Suppose x̂⁻(x) = 2.450m (state is OUTSIDE the range). What happens?

Solution

**1. Uniform variance:**

    σ²_uniform = (meas.range)² / 12
               = (0.060)² / 12
               = 0.0036 / 12
               = 0.0003 m²
    σ_uniform  = 0.01732m ≈ 1.73cm

**2. Covariance update:**

    Case A: P⁻ = 0.010 m²  (large — 10x bigger than σ²_uniform)
        P⁺ = min(0.010, 0.0003) = 0.0003 m²
        → Covariance tightened to the line-sensor range variance
        → After this update the filter is "as confident as the line-sensor allows"

    Case B: P⁻ = 0.0001 m²  (very tight — 3x smaller than σ²_uniform)
        P⁺ = min(0.0001, 0.0003) = 0.0001 m²
        → Covariance UNCHANGED — the state is already MORE precise than the measurement
        → The line-sensor cannot improve on what the filter already "knows"

**3. Clamp update (state estimate inside range in both cases):**

    x̂⁻ = 2.510m   (inside [2.470, 2.530])
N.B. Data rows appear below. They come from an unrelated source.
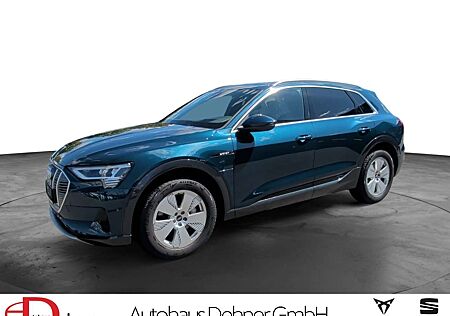 Audi e-tron 50 quattro advanced 8fach+HeadUp+LEDER Klima Navi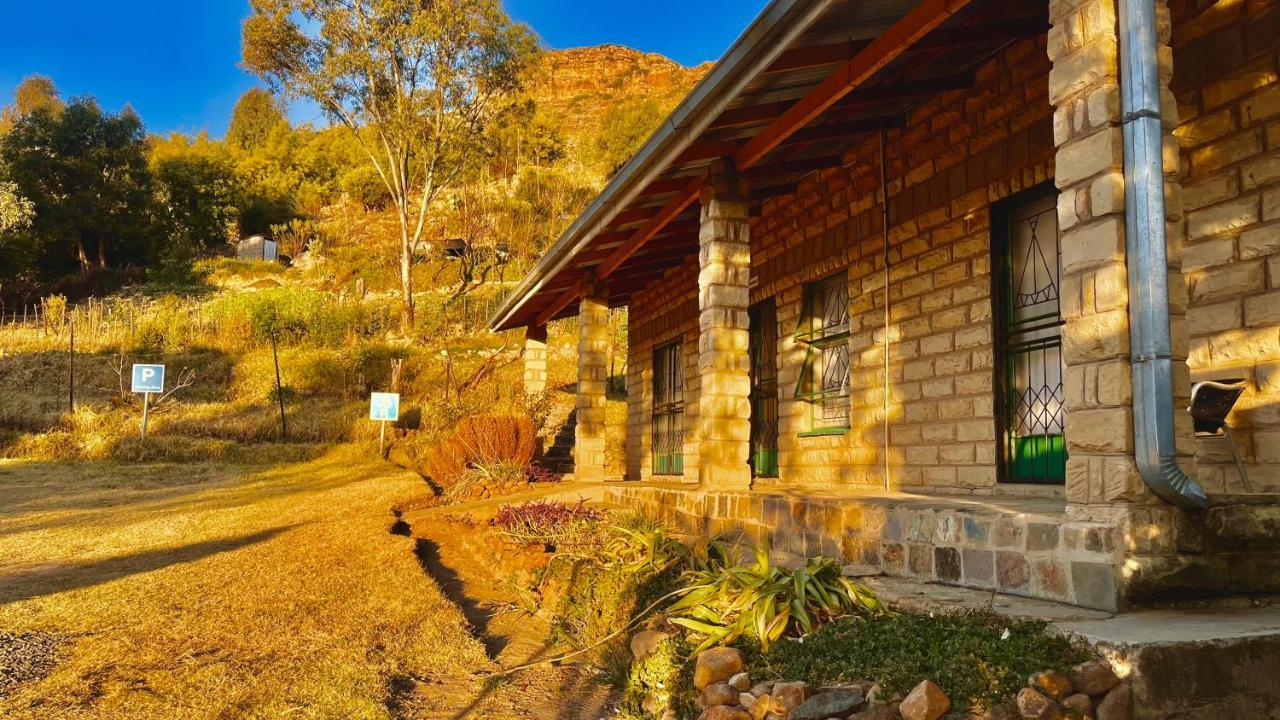 Lindy'S Guesthouse Maseru Exterior foto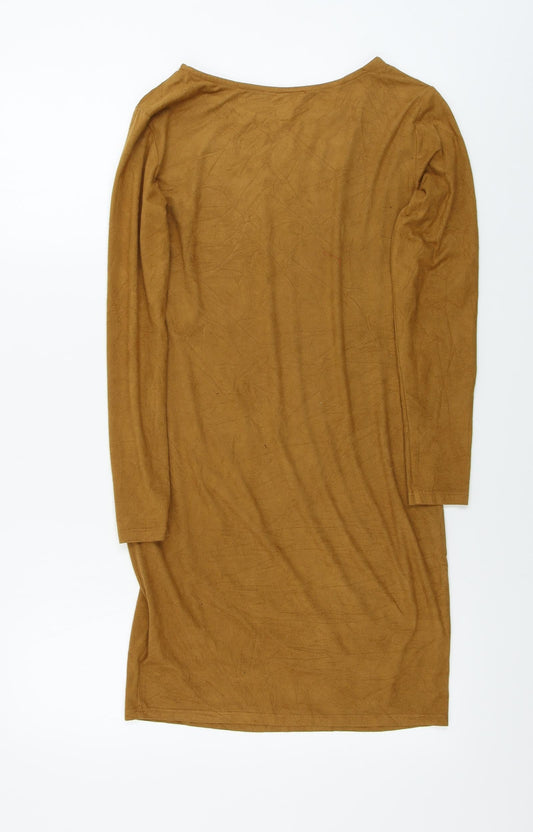 Atmosphere  Womens Brown   A-Line  Size 10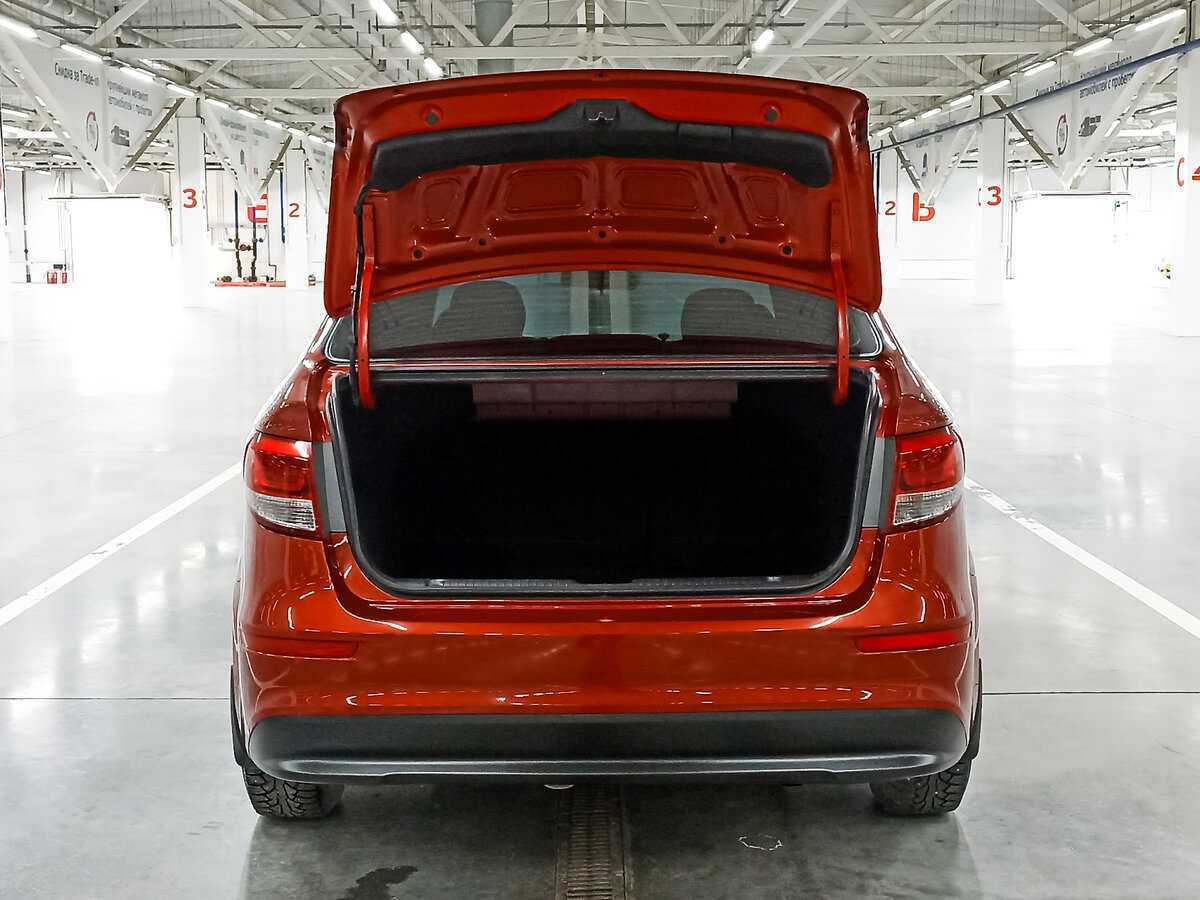 Продажа Б/У Киа Рио. Фото: #9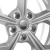 Легкосплавные диски КиК Ford Focus (КС878) 6.5x16 5*108 ET50 Dia63.35 Серебро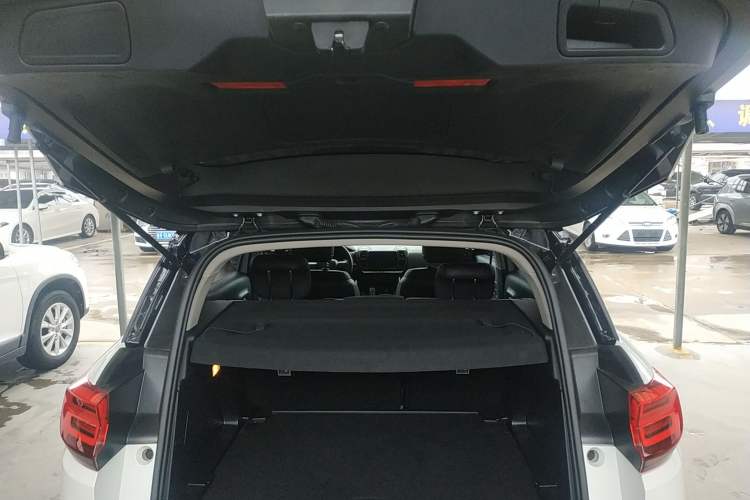 Used Citroen C5 AIRCROSS 2021 360THP ORIGINS Centennial Deluxe Edition Trunk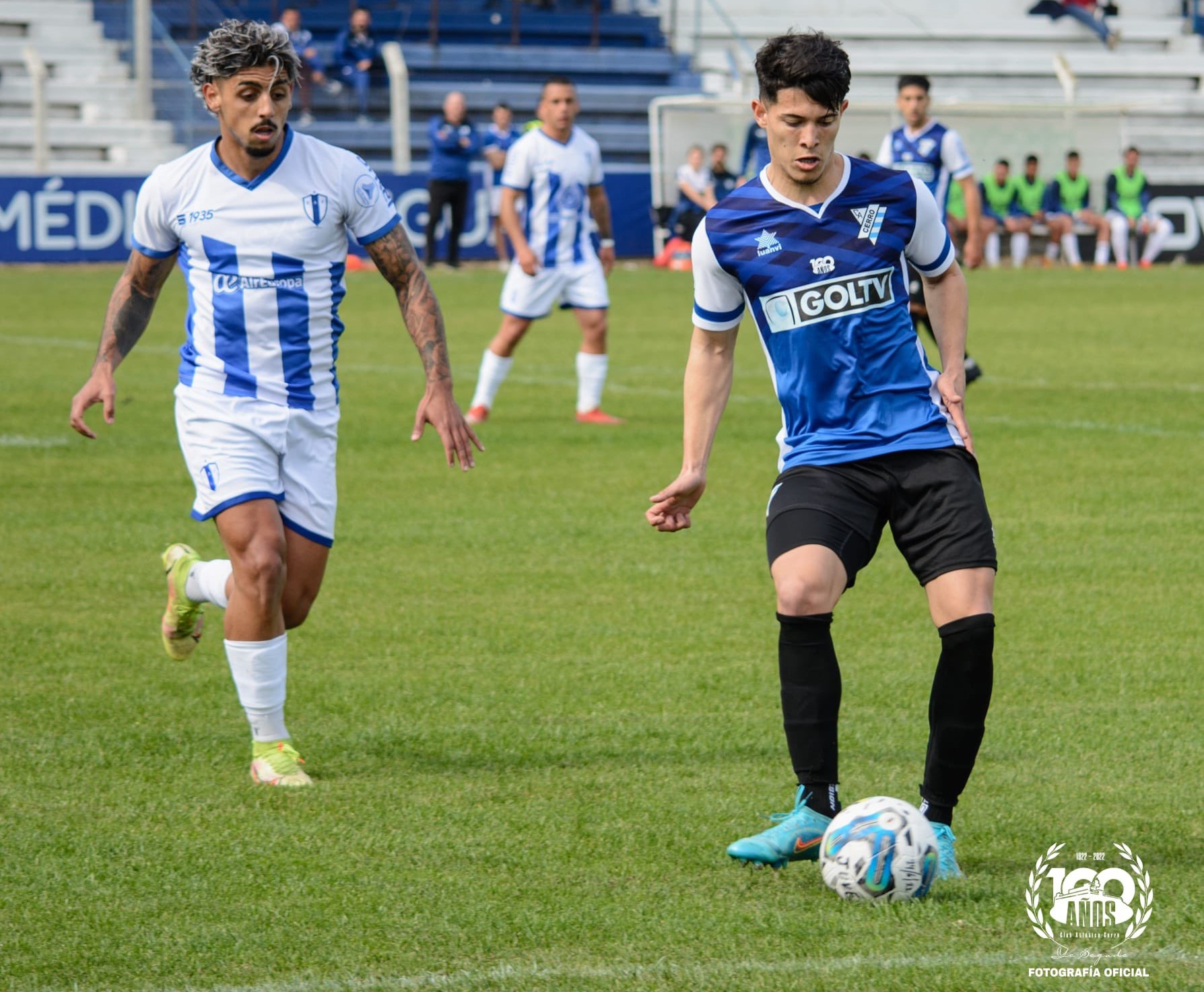 Segunda División Juventud de Las Piedras y Cerro empataron en el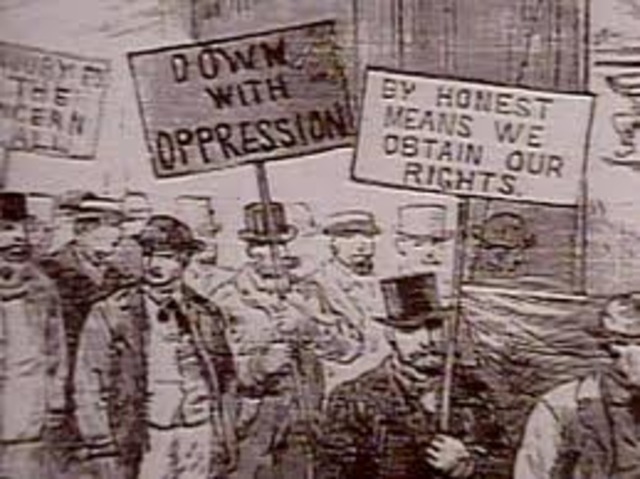 The Homestead Strike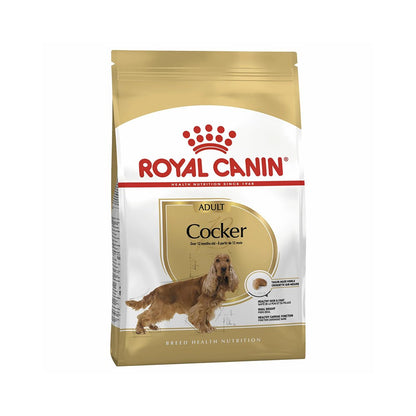 ROYAL CANIN Cocker Spaniel Adult Dry Dog Food 12kg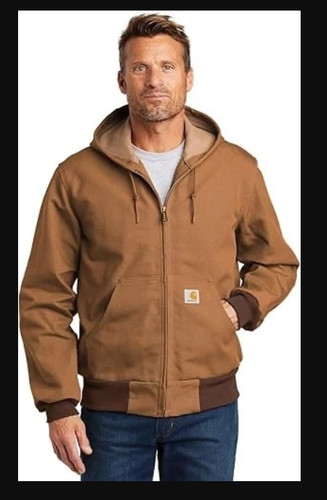 Large carhartt thermal lined - carhartt, thermal-lined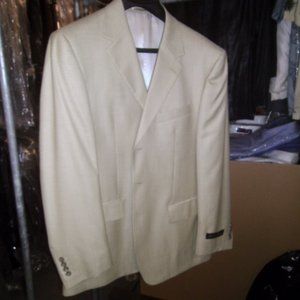 Riei silk and wool sport coat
    x̂⁺ = clamp(2.510, 2.470, 2.530) = 2.510m

    → No change to state position in either P case.
    → The state is already consistent with the measurement range; no correction needed.

**4. State outside range:**

    x̂⁻ = 2.450m   (below meas.min = 2.470m)

    x̂⁺ = clamp(2.450, 2.470, 2.530) = 2.470m

    → State SNAPPED to the nearest edge of the range.
    → The innovation here would be:
        ν = (meas centre) - x̂⁻ = 2.500 - 2.450 = 0.050m

    Check Mahalanobis gate first (using Case A, P = 0.010):
        d = 0.050 / sqrt(0.010 + 0.0003) = 0.050 / 0.1015 = 0.493
        → ACCEPTED ✓ (d < 2)

    After clamp: x̂⁺ = 2.470m (snapped from 2.450m to range boundary)
    Covariance: P⁺ = min(0.010, 0.0003) = 0.0003 m²

**Summary table for this measurement:** | Scenario | x̂⁻ | P⁻ | x̂⁺ (after clamp) | P⁺ | Gate decision | |---|---|---|---|---|---| | State inside range, large P | 2.510m | 0.010 m² | 2.510m (unchanged) | 0.0003 m² | Accepted | | State inside range, tight P | 2.510m | 0.0001 m² | 2.510m (unchanged) | 0.0001 m² | Accepted | | State outside range, large P | 2.450m | 0.010 m² | 2.470m (snapped) | 0.0003 m² | Accepted (d=0.49) | **Key takeaway:** A 6cm line-sensor range sets the covariance floor at `0.0003 m²` (σ = 1.73cm). This is larger than the tight case `P = 0.0001 m²`. So in Case B, repeated valid line-sensor updates cannot tighten P below 0.0003 m² — the floor is set by the physical measurement range. However, **duplicate** line-sensor messages (with stale identical content) will keep executing the clamp update and confirming `P⁺ = min(P, 0.0003)` — the covariance is correctly bounded but the position is stale. A future fresh measurement then has a very tight P = 0.0003 m², and if the genuine line position disagrees by more than `2 × sqrt(0.0003 + 0.005) ≈ 14.5cm`, it will be rejected. This is the 14.5cm rejection threshold for a state that has been over-confirmed by duplicates.

Bonus — Connecting Back to SCL Bag Analysis

When you see P_xx trace in a bag that goes:

    0.010 → 0.0030 → 0.0010 → 0.0003 → 0.0003 → 0.0003 → [flat]

…and the flat region spans 3+ seconds, that is the duplicate flood signature. The covariance has reached the σ²_uniform floor and is being confirmed there by stale readings. The robot’s position belief is locked at one value while the physical robot may have moved. The next fresh line-sensor reading that reports a different position will be evaluated against d = ν / sqrt(0.0003 + 0.005) = ν / 0.0724. Any drift above 2 × 0.0724 = 14.5cm causes silent rejection — and the robot continues drifting.

This is why line-sensor duplicate detection upstream of the estimator (sequence numbers, content hashing, or timestamp monotonicity checks) would fix the silent-rejection failure class without changing any estimator math.